Existen, sin duda, otros muchos mitos que pueblan el imaginario sobre el franquismo (y que en algo han contribuido series como Cuéntame). No debemos ignorar que el régimen se concibió como un modelo ideal de sociedad. Despreciaba a la democracia porque ella había sido el germen de los males nacidos durante la II República. Había dado lugar a la pluralidad de partidos, a los odiosos separatismos de vascos, gallegos o catalanes, amén de permitir la existencia de los masones y comunistas, auténticos cánceres de la nación. Tal era su cerril pensamiento.
La Guerra Civil se consideró como el inicio de una nueva era gloriosa, amparada por la figura emblemática de un Franco invicto que había sido capaz de evitar entrar en la Segunda Guerra Mundial por el bien de España. Y que, después, gracias a la autarquía había logrado que el país pudiera valerse por sí mismo, evolucionando hasta el presunto milagro económico de los tecnócratas y, finalmente, eclosionando en la democracia actual.

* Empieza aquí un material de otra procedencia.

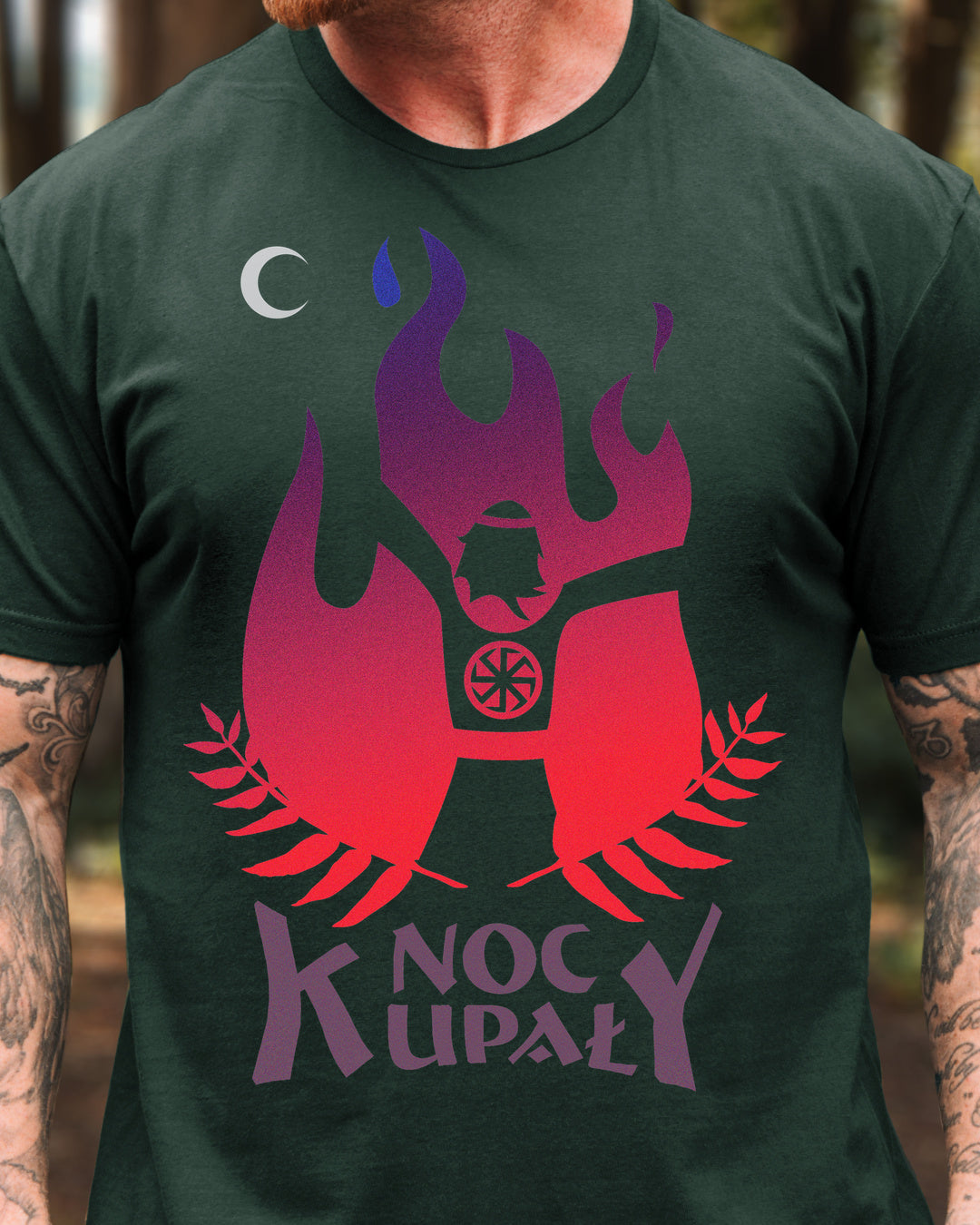 Noc Kupały — Zielony leśny (Standard)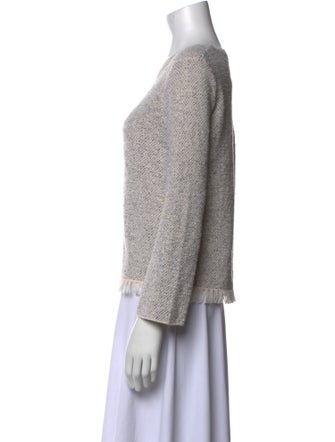 Theory Wool Scoop Neck Sweater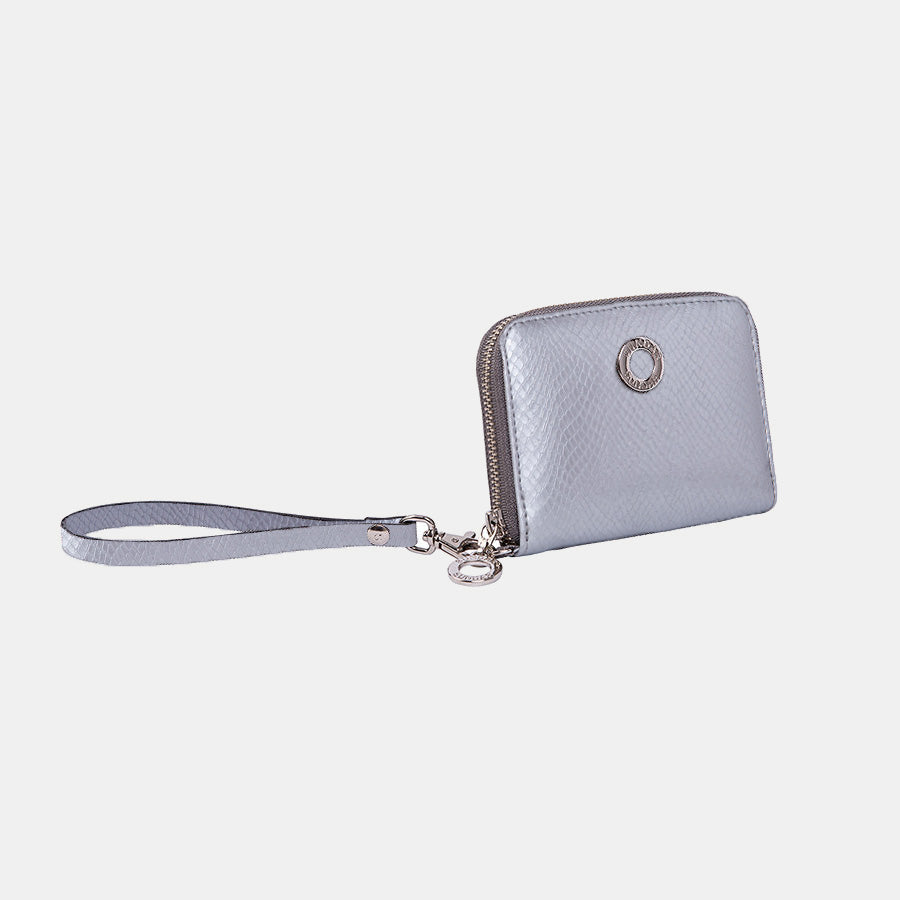 Mini Cartera Plata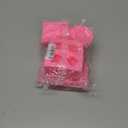 2 x 5Pcs Strawberry Baking Mold Silicone 3D Strawberry Chocolate Mold, Candy Jelly Flower Fondant Molds Ice Cream DIY Paper Cup Cake Biscuit Dessert Making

Franco, nos desvela la historiografía, fue, ante todo, un mediocre general africanista que tuvo la posibilidad de haber acortado la contienda a unas pocas semanas de duración. Pero su empeño en seguir una campaña lenta y sangrienta hizo posible la creación de ese personaje mitificado, reprimiendo y depurando a los desafectos, mientras brillaba por su ausencia una hábil estrategia militar. Su distanciamiento de los países del Eje, tras haberle ayudado, fue más producto de sus ambiciones coloniales que por no tener intenciones de participar en la Segunda Guerra Mundial. Lo cual fue después vendido por los publicistas del régimen como parte de una inteligente actitud de Franco.
Del mismo modo, los últimos estudios revelan que el régimen no evolucionó de manera natural hacia la modernización o la democracia, sino que se vio urgido por la necesidad. Los tecnócratas abrieron la economía puesto que, de lo contrario, se habría venido abajo el sistema. El futuro del régimen, su continuidad, fue orquestada siguiendo los rancios y encorsetados patrones previstos por el dictador, creyendo que continuaría a su muerte, en su expresión "atado y bien atado". Por fortuna, no fue así. La larga duración de su dictadura caudillista fue posible gracias a los vaivenes de la Historia y no por ostentar cualidad alguna, salvo la de apoyarse en el poder coercitivo de las fuerzas de seguridad del Estado y los militares. El problema aún radica en que su larga sombra sigue mediatizando a la sociedad actual y nos impide vivir el presente y aspirar a un mañana, sin el lastre de los complejos de ese pasado.